Essa percepção ficou ainda mais clara depois de Donald Trump mudar o discurso, de um tom ufanista no fim de semana - como se a queda do regime iraniano fosse uma questão de dias - para outro, mais cuidadoso, na segunda, 2, quando admitiu que a campanha militar poderia durar “de quatro a cinco semanas”. Para analistas, o presidente americano simplesmente reconheceu não ter um plano claro para o desfecho da crise.

O petróleo Brent subiu até 13% no primeiro dia de negociações após os ataques ao Irã, atingindo US$ 82,37 o barril, antes de recuar e fechar em torno de US$ 77 o barril, com alta de 7% em Londres.

Os preços do ouro subiram 1,6%, para US$ 5.362 a onça troy, com investidores buscando ativos de refúgio. O dólar valorizou-se 0,4% em relação a uma cesta de moedas de seus principais parceiros comerciais. As bolsas asiáticas recuaram na segunda-feira, com o índice Topix do Japão e o Hang Seng de Hong Kong caindo 1,5% e 1,4%, respectivamente.

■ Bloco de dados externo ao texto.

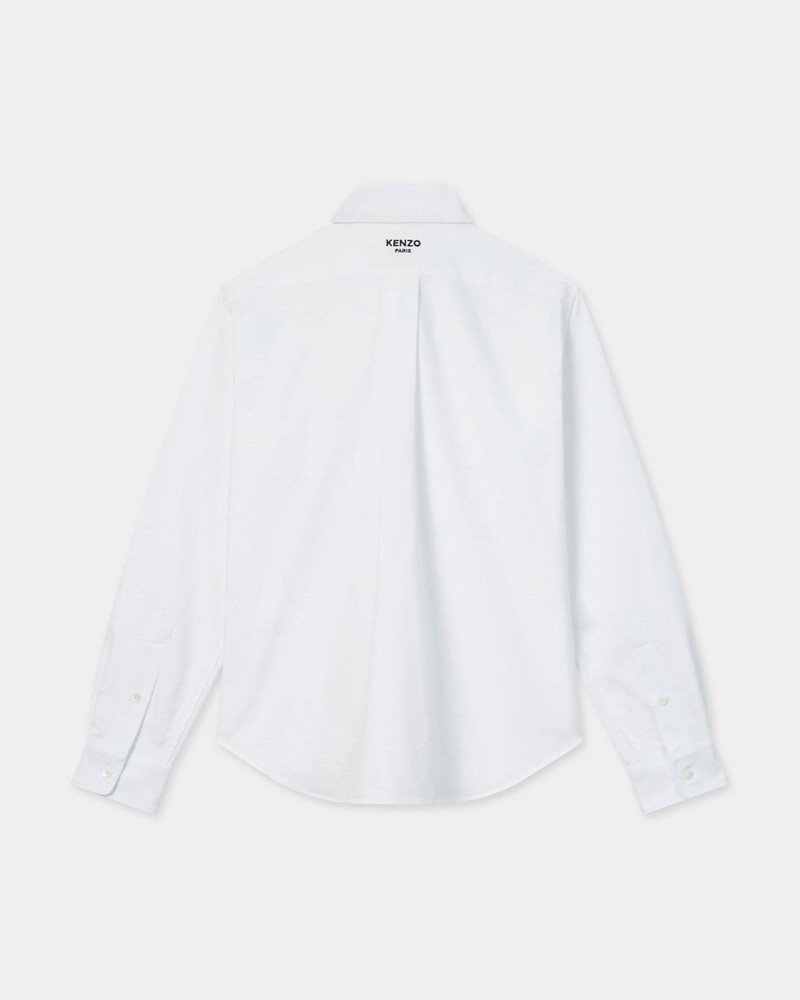KENZO 'KENZO Pop' embroidered fitted shirt in oxford cotton outlook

A elevação da cotação do barril já era esperada e não chegava a preocupar a Casa Branca, tendo em vista o excesso de oferta de petróleo, de 2 a 3 milhões de barris por dia, no mercado internacional – quase o triplo da demanda, segundo cálculos da Agência Internacional de Energia (IEA, na sigla em inglês).

Durante o período da intervenção militar dos EUA no Iraque, entre 2003 e 2011, o preço médio do petróleo bruto foi de aproximadamente US$ 72 por barril. Ajustando para valores atuais, isso equivale a mais de US$ 100 por barril – bem acima da cotação atual.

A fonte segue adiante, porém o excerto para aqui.